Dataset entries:
※ ※ ※
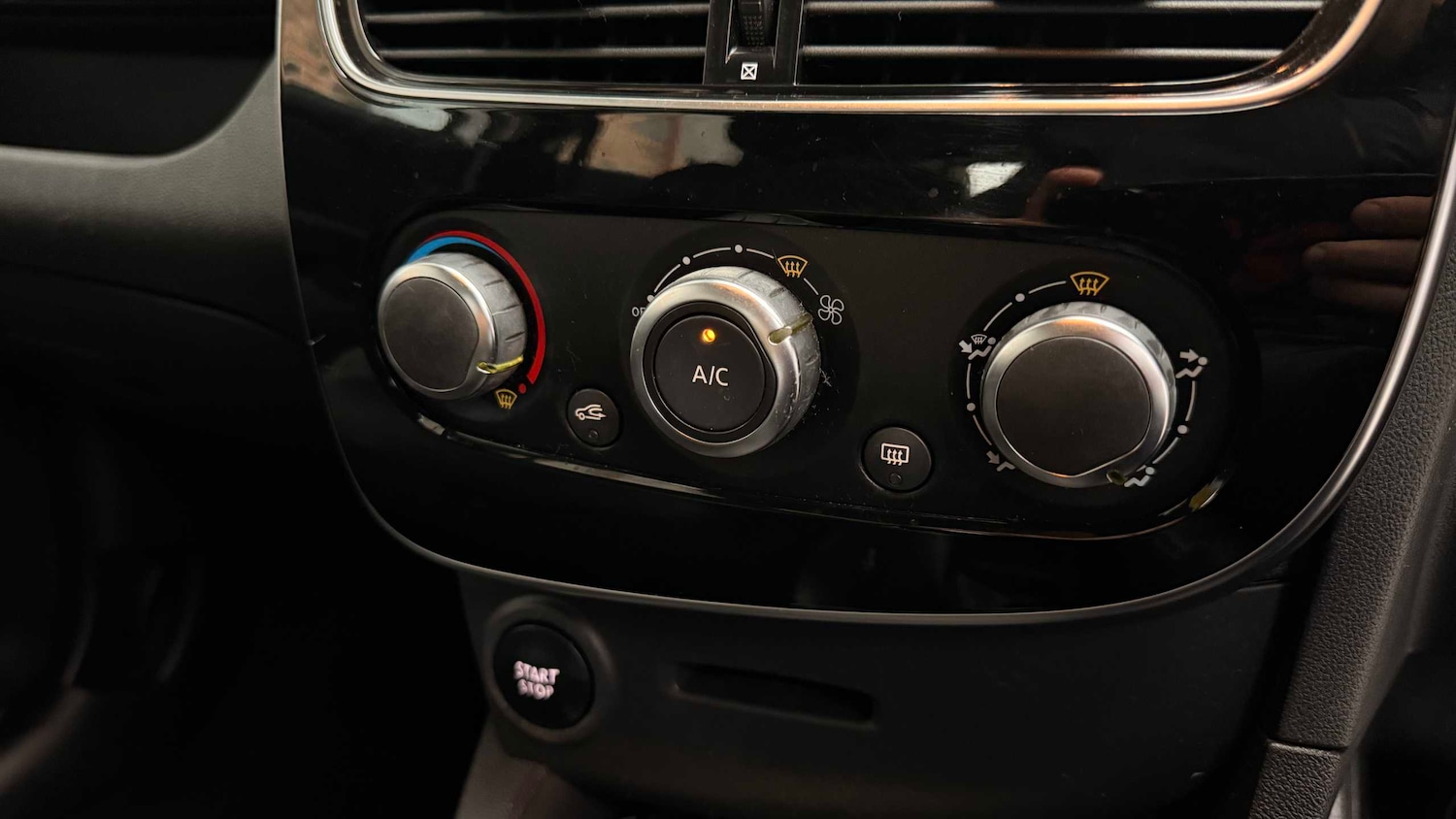 Used Renault Clio 2018 for sale - 77044093: Photo 18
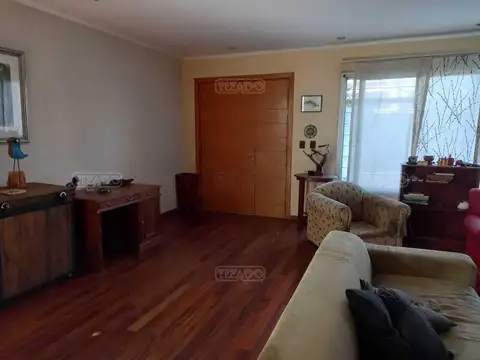 Casa en Venta con 5 cocheras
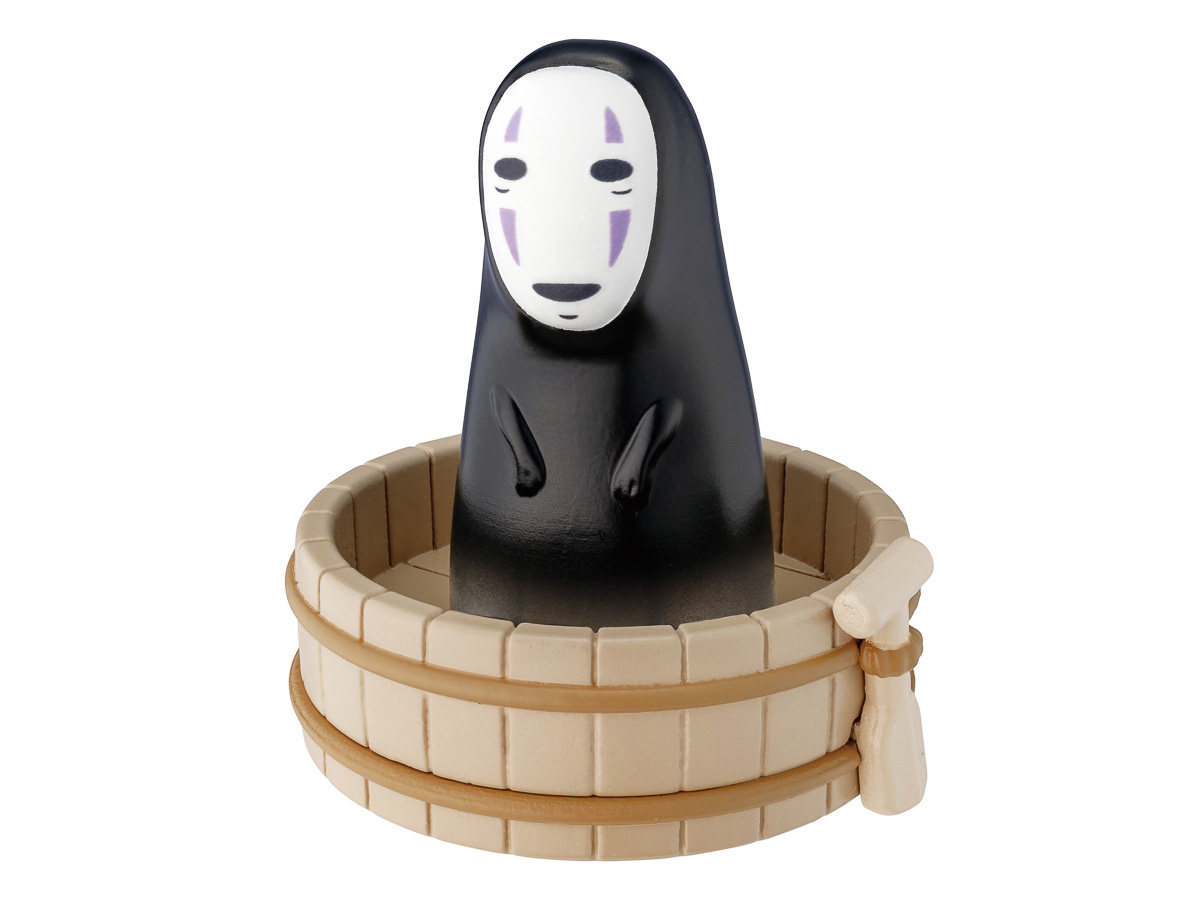 たらいに乗っている「カオナシ」がトミカになった！体の下部がちょっと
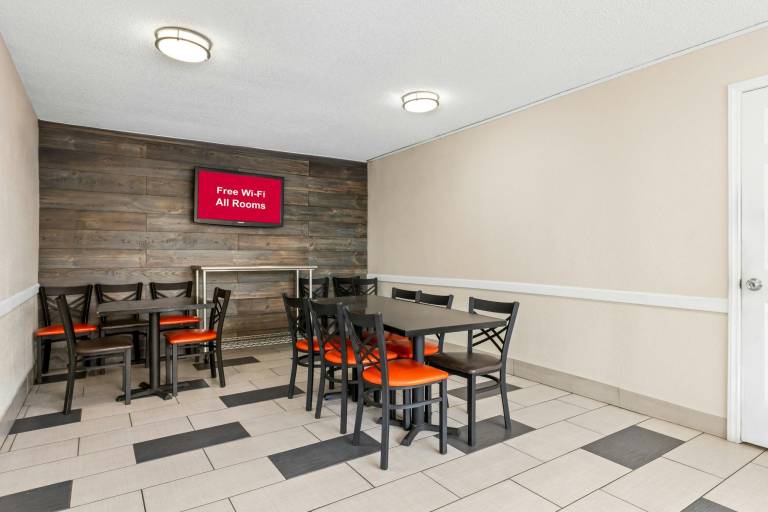 Red Roof Inn Charlotte - Airport — photo 3
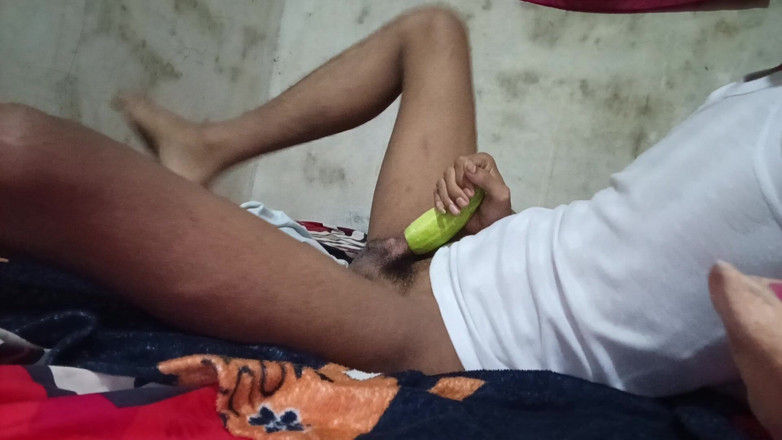 EKI WINATA: Ekspresi Jujut Bermain Solo Menggunakan Timun Yang Sudah Di Lubangi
※ ※ ※
• EXERCISE INSTRUCTIONS:
Return every line above exactly, omitting images.

• RESULT OF THE EXERCISE:
 Used Renault Clio 2018 for sale - 77044093: Photo 18
 Casa en Venta con 5 cocheras
 たらいに乗っている「カオナシ」がトミカになった！体の下部がちょっと
 Red Roof Inn Charlotte - Airport — photo 3
 EKI WINATA: Ekspresi Jujut Bermain Solo Menggunakan Timun Yang Sudah Di Lubangi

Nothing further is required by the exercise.